Red blood cell (RBC) transfusion is used to treat haematological disorders as well as the effects of cytotoxic cancer treatment but is currently reliant on a consistent supply of high quality donor cells. Producing therapeutic red blood cell types from an alternative cell source such as immortalized progenitor cell lines or pluripotent stem cells (hPSCs) could provide a consistent supply of infection-free and patient-specific cells. One of the most likely impacts will be through the licensing of laboratory procedures to commercial companies within 3-5 years. Currently hPSC-derived RBCs are immature and this has been a major hurdle in the Novosang consortium's plan to take a hESC-derived RBCs to a first-in-man clinical trial.The ability to produce mature red blood cells in the lab would allow other experimentation of these cells which has been limited due to the lack of numbers such as proteomic analysis and it provides a model system to study complex signaling networks within the erythroid island niche that, to date, has relied on transgenic animal models that are costly and ethically challenged.

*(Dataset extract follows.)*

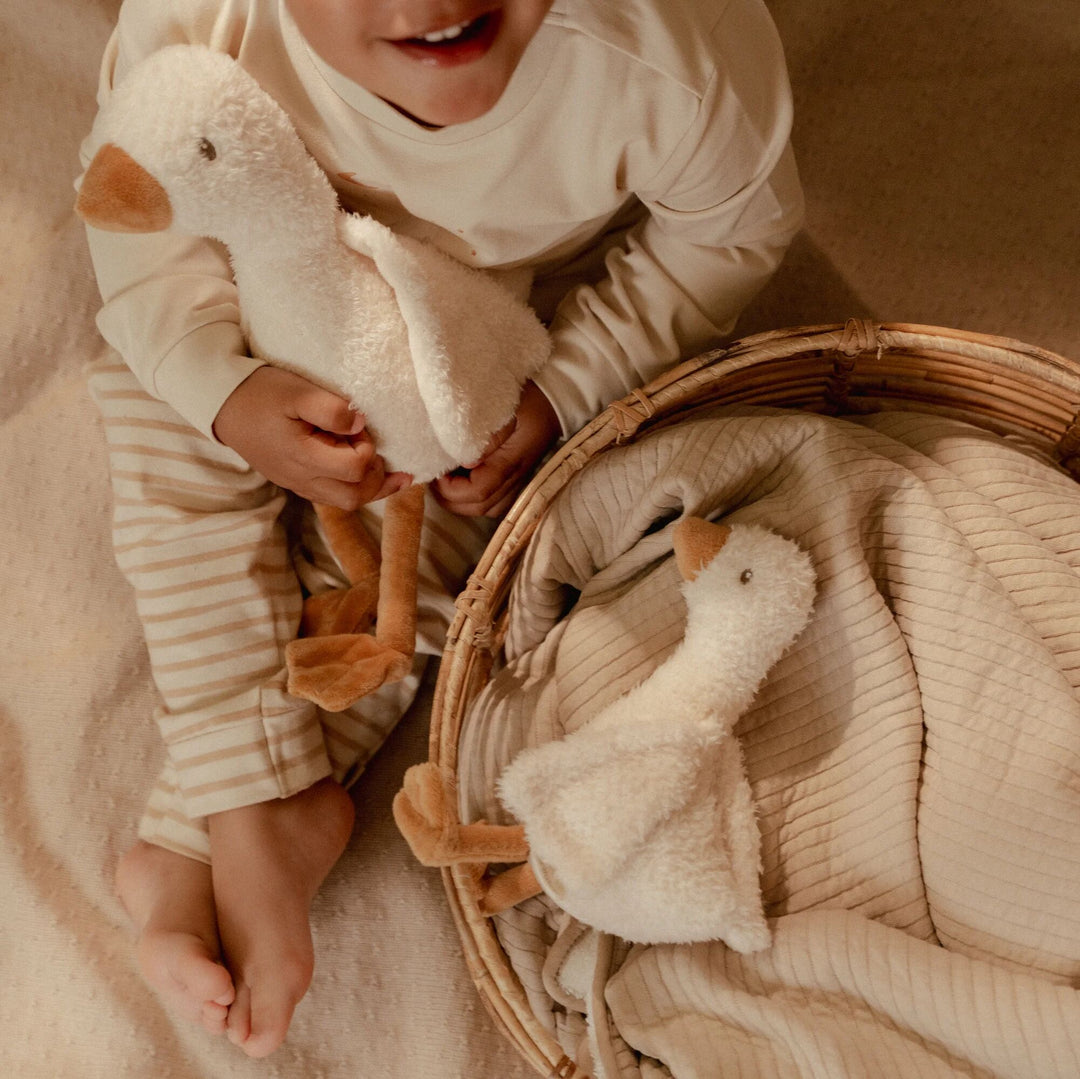 Little Dutch Cuddle Goose 17cm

The ability to generate genetically-manipulated macrophages from human induced pluripotent stem cells (iPSCs) opens up an enormous opportunity to study macrophage biology and could be used in cell therapy to improve the lives of patients with a wide range of conditions including fibrosis of liver and lung. Our colleague Professor Stuart Forbes has commenced a clinical trial of patient monocyte-derived macrophages for liver fibrosis. iPSC-derived macrophages could provide an off-the-shelf therapy and macrophages that have been modulated to have a specific reparative phenotype might have more powerful properties.